ASSIGNED TASK. Produce an exact copy of all the data below, dropping every image.

SUPPLIED INFORMATION.
=== Begin Enclosure ===

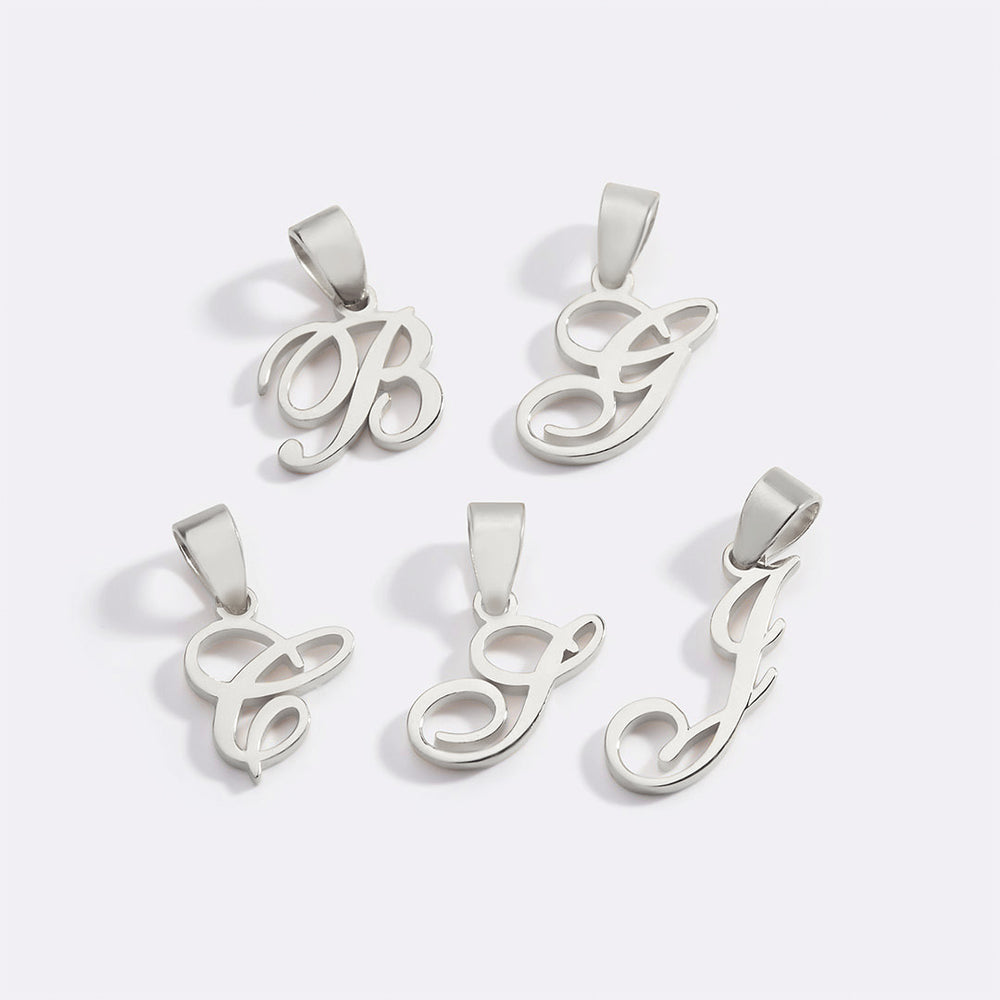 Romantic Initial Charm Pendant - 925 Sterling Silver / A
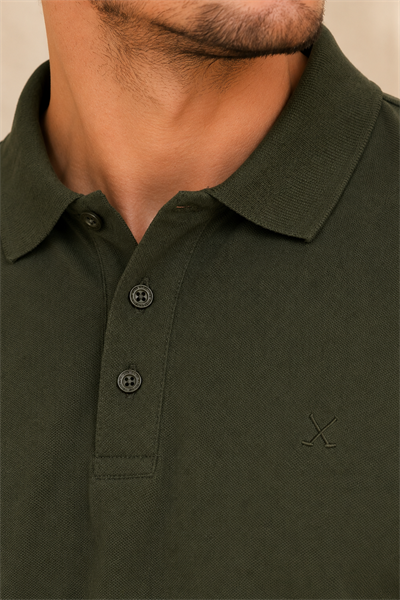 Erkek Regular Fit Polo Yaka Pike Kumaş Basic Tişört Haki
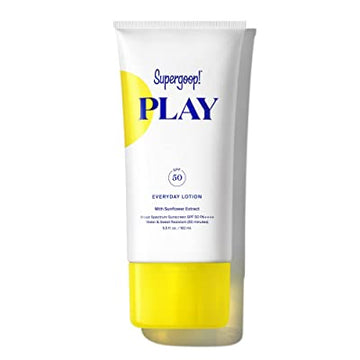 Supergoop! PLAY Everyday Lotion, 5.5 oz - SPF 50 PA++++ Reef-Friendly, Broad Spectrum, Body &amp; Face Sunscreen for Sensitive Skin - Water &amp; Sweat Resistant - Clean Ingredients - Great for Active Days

=== End Enclosure ===

ANSWER SPACE.
 Romantic Initial Charm Pendant - 925 Sterling Silver / A
 Erkek Regular Fit Polo Yaka Pike Kumaş Basic Tişört Haki
 Supergoop! PLAY Everyday Lotion, 5.5 oz - SPF 50 PA++++ Reef-Friendly, Broad Spectrum, Body &amp; Face Sunscreen for Sensitive Skin - Water &amp; Sweat Resistant - Clean Ingredients - Great for Active Days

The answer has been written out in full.